Fifty years later, John’s house is worth one-eighth5 of Tim’s, though they both have worked hard to provide for their families. While Tim’s grandchildren are able to attend college just fine, John’s grandchildren have to take out loans for college and get nervous when thinking about accruing more debt.

When we talk about systemic injustice, we are talking about situations like John’s. Though he tries his best, he is significantly less well off than Tim. Though he makes similar choices to Tim’s, unfair policies and systems make it impossible for John to enjoy the same kind of safety, prosperity, and standard of living that is available to Tim. This in turn affects John’s children, and John’s children’s children. We can see that something is wrong with the system when we realize that this is the experience of many black Americans.

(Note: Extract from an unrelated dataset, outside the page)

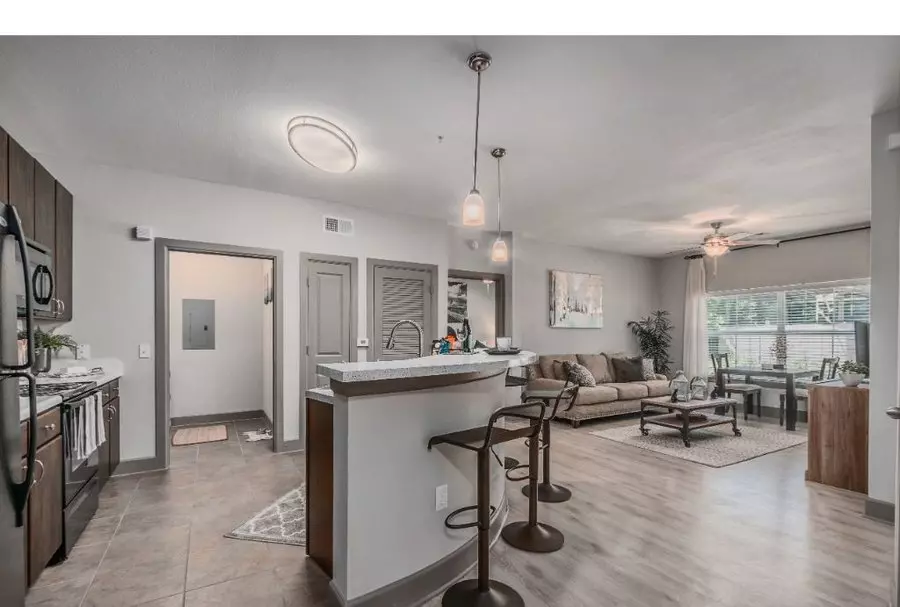 11917 Greenville Avenue, Dallas, TX 75243 photo 4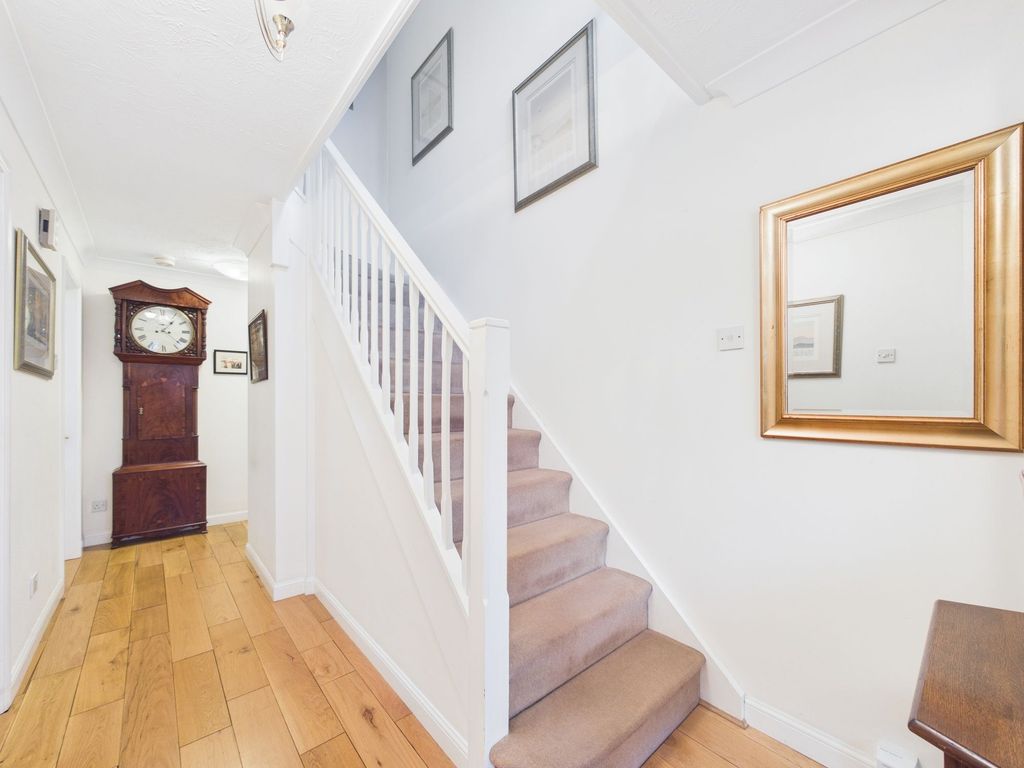 Property photo 3 of 32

The United States was built on unjust systems and laws that contributed to the prosperity of whites at the expense of the freedom and fair treatment of black and Native Americans. Subsequent laws made cheap immigrant labor possible but didn’t offer protection or financial stability for Asian, Latino, or Eastern European immigrants. The unjust systems that continue to affect different communities of color today, including the historically poor white communities in Appalachian America, are linked to the unfair laws and ethnic prejudice of the past.

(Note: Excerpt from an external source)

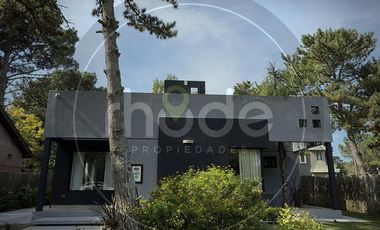 Calle Los Crisantemos e/ Los Pinos y Arrayanes  - Casa con jacuzzi en Costa del Este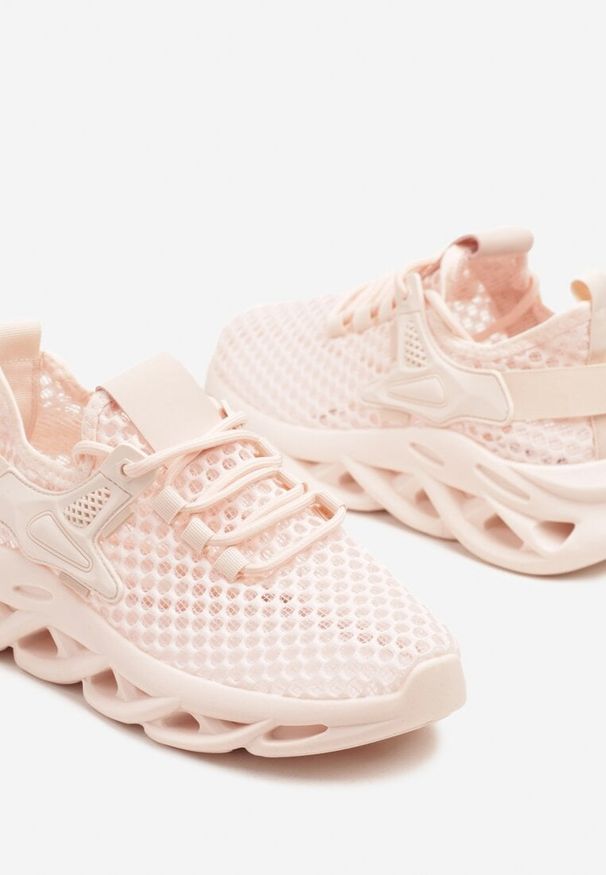 Born2be - Różowe Siateczkowe Buty Sportowe Sneakersy na Grubej Tłoczonej Podeszwie Telarienna. Okazja: na co dzień. Zapięcie: sznurówki. Kolor: różowy. Materiał: jeans. Obcas: na platformie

In order to contribute to ethnic justice, we must look beyond helping the poor by simply distributing goods and services. We must also examine the systems and biases that create and maintain poverty in ethnic communities. We must ask, what needs to change, and where is power being unjustly wielded to the detriment of a community? And how can we go about making it right by establishing laws and systems that benefit not just one ethnic group but all Americans?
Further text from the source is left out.